--- Exercise goal ---
Only one stretch of the data below is needed. Output the lines from the one with "Shop Three Dots Brushed Knit Cardigan In Ash" up to and including the one with "Evi Bathroom Hanger", exactly as they stand.

Start of Exercise inputs

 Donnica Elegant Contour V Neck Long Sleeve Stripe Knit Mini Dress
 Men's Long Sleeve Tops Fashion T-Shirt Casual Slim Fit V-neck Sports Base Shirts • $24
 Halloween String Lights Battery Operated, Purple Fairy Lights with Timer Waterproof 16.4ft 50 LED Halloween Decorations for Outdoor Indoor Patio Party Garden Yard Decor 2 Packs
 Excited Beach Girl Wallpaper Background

End of Exercise inputs
Start of Exercise inputs

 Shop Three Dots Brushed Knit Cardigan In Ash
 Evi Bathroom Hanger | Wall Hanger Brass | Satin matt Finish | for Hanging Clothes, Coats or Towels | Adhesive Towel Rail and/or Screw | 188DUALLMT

End of Exercise inputs

--- Output of the exercise ---
 Shop Three Dots Brushed Knit Cardigan In Ash
 Evi Bathroom Hanger | Wall Hanger Brass | Satin matt Finish | for Hanging Clothes, Coats or Towels | Adhesive Towel Rail and/or Screw | 188DUALLMT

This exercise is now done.